Plus récemment, quatre miniatures découpées, sans doute au XIXe siècle, dans une Histoire scolastique du XIVe siècle (ms 59) ont été achetées en 1999 et une opération de restauration menée en 2002 par la BnF a permis de les réintégrer à leur place d’origine14.

La mise en place de la présente Bibliothèque Virtuelle de Clairvaux constitue une forme virtuelle d’enrichissement, ou plutôt de reconstitution de la collection originale. Elle a également vocation à devenir un espace d’écriture et de création, susceptible d’insuffler une nouvelle vie à cette bibliothèque.

Références

  1. 1.  Dès 1119 le Chapitre de l’ordre de Cîteaux prescrit que toute nouvelle fondation dispose des livres suivants : psautier, hymnaire, collectaire, antiphonaire, graduel, Règle, missel. Cf. [Lefèvre, 1954], p. 241-266 ; [Bondéelle 1989], p. 70-71 ; [Falmagne, 2000], p. 195-222.
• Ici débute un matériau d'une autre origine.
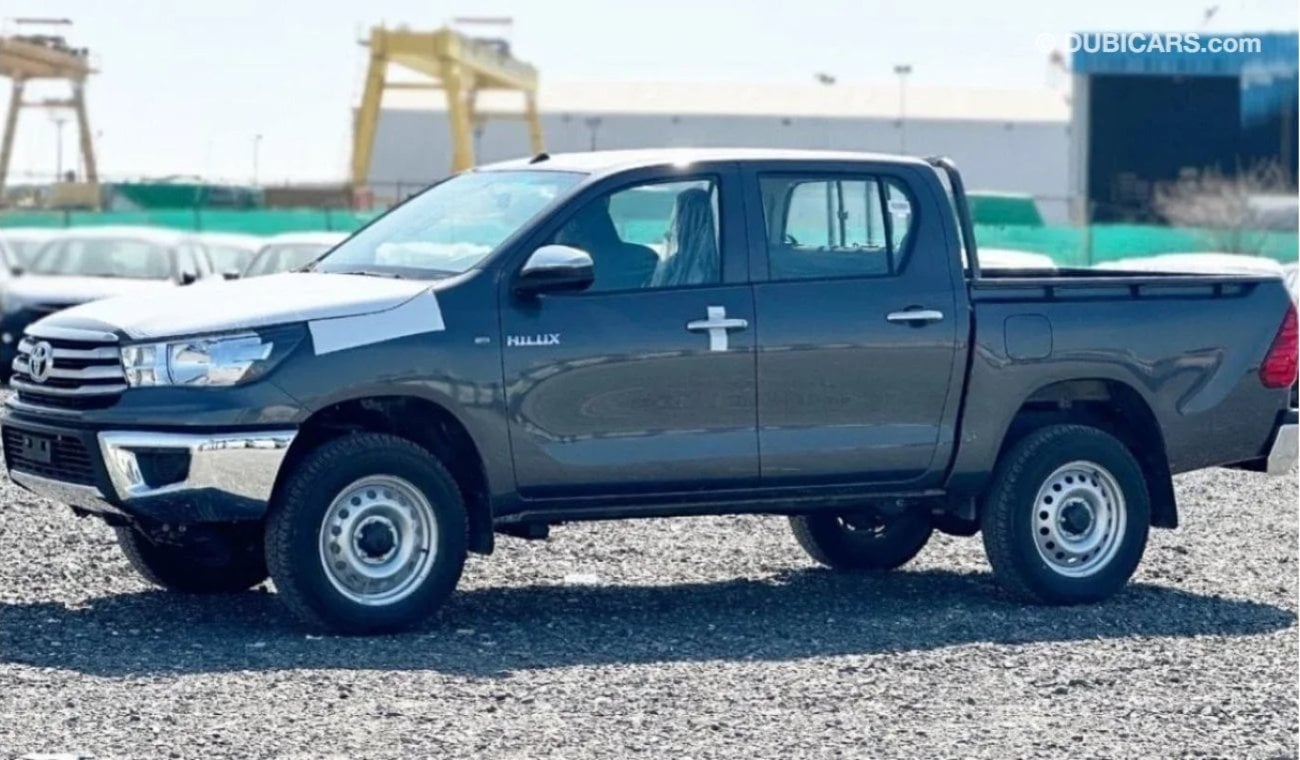 تويوتا هيلوكس Toyota Hilux 2.4L 2024 basic option V4 WITH WINDOWS POWER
  2. 2.  La disparition des manuscrits liturgiques s’explique aisément – changements liturgiques, très nombreuses pertes ; les manuscrits de la Règle ont dû faire l’objet d’une circulation intense.
  3. 3.  Seuls six volumes subsistent : MGT, ms. 40, t. 1, 2, 3, 6, 9 et 10.
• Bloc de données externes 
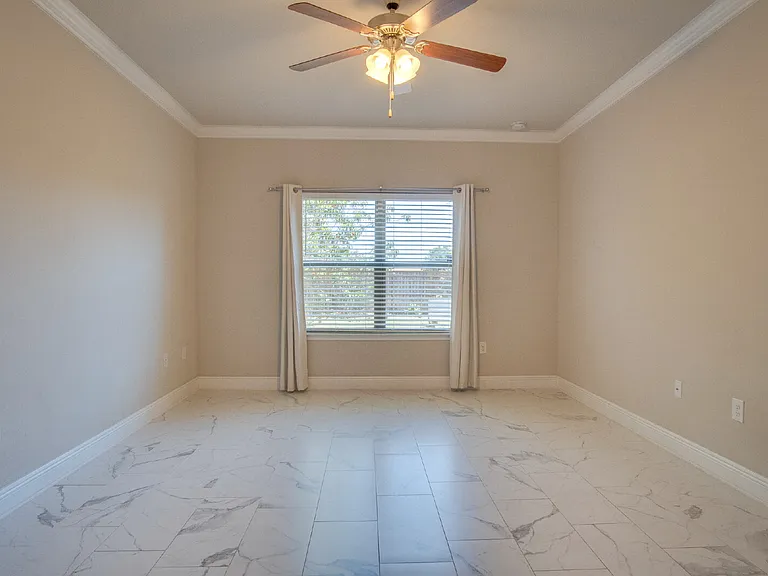 1724 Waterford Sound Blvd — Photo 12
  4. 4.  Il s’agit de MGT, ms. 488, 511, 512, 871, 872, 1023bis, 1083, 1620, 2260, 2266 et Montpellier, BIU, H 155, 231.
  5. 5.  Cf. [Manuscrits de Clairvaux 2006], p. 36
  6. 6.  C’est notamment le cas des Evangiles glosés du collège Saint-Bernard (MGT, ms. 81). Cf. [Manuscrits de Clairvaux 2006], p. 26
  7. 7.  Cf. [Bouhot Genest Vernet 1997], p. 101-105
  8. 8.  MGT, ms. 1452. Cf. [Manuscrits de Clairvaux 1979], p. 37.
  9. 9.  [Manuscrits de Clairvaux 1979], p. 39.
  10. 10.  [Vernet 1979], p. 58-59 et 739-747.
  11. 11.  Cf. [Ronsin, 19XX], p. 133-140
  12. 12.  Le plus important de ces manuscrits est le répertoire de Mathurin de Cangey (ms 2616), essentiel pour la connaissance de la bibliothèque au début du XVIe siècle, est du nombre.
  13. 13.  Ainsi la bibliothèque du collectionneur Charles Des Guerrois, léguée à Troyes au début du XXe siècle, comporte-t-elle une Vita Christi de saint Bonaventure, imprimée par Pigouchet, qui provient de Clairvaux (MGT, inc. 458, [notice dans le catalogue]).
  14. 14.  [Bouhot Genest Vernet 1997, p. 74].